House of Flying Bloggers

Wednesday, 24 November 2004 — 10:29pm | Film

Earlier tonight I informed one of my regular readers that a sharp rise in the quantity of academic responsibilities on my shoulders this week is to be held responsible for the dearth of updates to this website. His reply: “That’s no excuse! You have legions of fans to cater to.”

Okay, so maybe he’s right.

One thing is certain – the sparsity of posts this month is not because there is little to write home about. In the past week I have gone for another ride on the thrill that is The Incredibles, seen The Polar Express (but regrettably, not in full IMAX 3D), finished Tales of Symphonia (logging just over fifty hours, leaving most of the side-quests incomplete), and spent countless hours on the new Super Mario 64 DS.

By the time I actually have a chance to sit down and discuss all of these at length, I will probably have added Oliver Stone’s Alexander to the pile. I would like to say that I will also see the Bollywood megahit Veer Zaara sometime in the near future, but it is currently only playing at the Gateway 8 Famous Players in Edmonton, and finding transportation there is less than convenient. Apparently, three-hour-long Hindi musicals do not constitute the most popular genre around here. It’s a shame, really.

I have now sat through The Incredibles twice, but only twice. From experience, two screenings is never enough for a Pixar feature to truly sink in, as all of them are so meticulously constructed from end to end that the unity of the entire piece only begins to reveal itself once every scene can be reflected upon in reference to the rest of the film.

And yet no matter how many times you see it, some things will always be mysteries. That’s the power of narrative ambiguity in small, teasing doses. (There’s a terrific Irvin Kershner quotation to that effect in Star Wars: The Annotated Screenplays in reference to The Empire Strikes Back.) Just how did Gazerbeam come upon the password to Syndrome’s Cerebro-esque megacomputer, anyway?

There is honestly too much to say about the movie, and for the benefit of a truly insightful post, I implore my readership to show a little patience. I will note, however, that the first thing I intend to discuss is the matter of what The Incredibles says about education reform.

I have a lot to say about The Polar Express as well, but I feel I may be doing it an injustice if I review it without having seen the IMAX 3D version. At the same time, I am not sure I want to sit through it a second time – not because it’s a bad film, but because much of it initially comes off as a one-time affair.

I also have a terrible confession to make. I have not seen Hero. Zhang Yimou’s followup project, House of Flying Daggers, is almost out in North America – 3 December, I believe – and yet I have not seen Hero. As a martial arts film aficionado who knows his Wong Fei-Hung from his Fong Sai-Yuk (both of whom were famously played by Jet Li in his prime, and with identical late-nineteenth-century hairstyles to boot), this is more than a bit shameful.
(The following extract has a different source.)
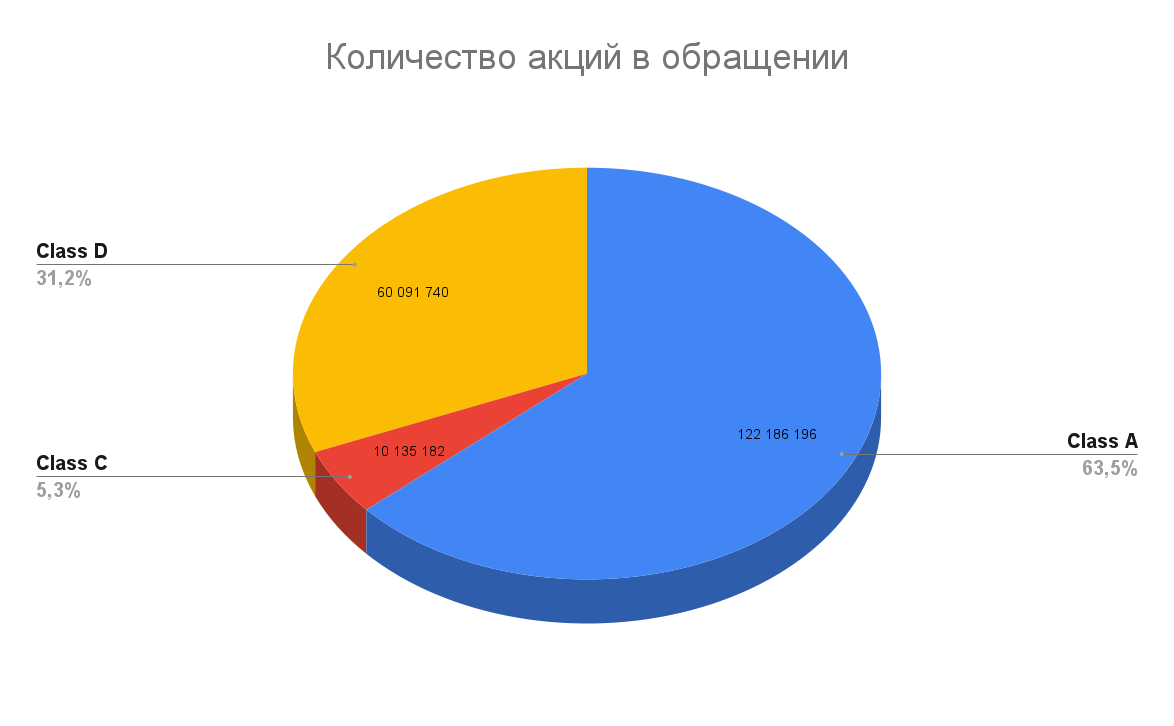 Распределение акций Virtu Financial в обращении. Источник: открытые данные компании Распределение акций Virtu Financial в обращении. Источник: открытые данные компании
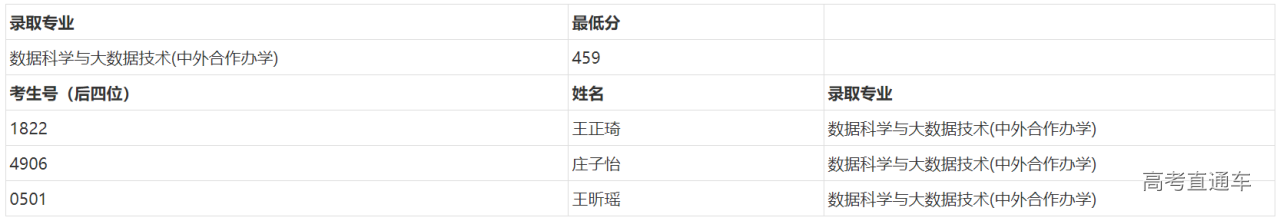 1598264383889658.png image.png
There are two reasons for this, and they are connected. The first is that although I have been in possession of an import DVD of Hero for well over a year – some may recall that the film was even in contention in the Foreign Film category at the 2003 Oscars – it has no English subtitles. As the film is in Mandarin, this is a problem. The second is that Miramax handled the North American distribution, which – considering their record with Shaolin Soccer – immediately raised some red flags.

Now, I heard some very positive things about how for once, Miramax did not completely butcher the film, and left it almost entirely intact, a few misjudged subtitles aside. By the time people got around to telling me this back in late August, I was too busy fawning over Garden State to notice; Hero was removed from theatrical distribution shortly after, with the exception of a few inaccessible second-run houses.

And apparently, the Region 1 DVD transfer sucks. I may have to rent it anyhow.

Thankfully, House of Flying Daggers is being distributed by Sony Pictures Classics. My Crouching Tiger, Hidden Dragon says that they know how to release the best of Asian cinema and turn it into a Stateside hit.

There are really only two basic rules to follow when releasing a foreign film. 1) Don’t leave out a single frame; 2) Always subtitle. Never dub.

Crouching Tiger followed the First and Second Laws, made a ton of cash, revitalized North American interest in Asian cinema, and was nominated for ten Oscars. Quod erat demonstratum.

It’s amazing how many people don’t get this. I never managed to see Spirited Away, one of the finest animated features in modern history, until its DVD release. Why? Because when it was in theatres, it was dubbed in English. Apparently, some people are under the impression that if it’s animated, you’re allowed to do this, because you don’t have to worry about bad lip-sync. I have news for you: you’re not.

Speaking of things that come from Japan – briefly for now, on the subject of the Nintendo DS: Get one. I am in dire need of a Metroid Prime: Hunters sparring partner. Well, maybe not that dire, given how much amusement one is able to derive from the unlockable minigames bundled with Super Mario 64. But as is the case with The Incredibles, doing this subject justice requires more words than I have at my disposal at the moment.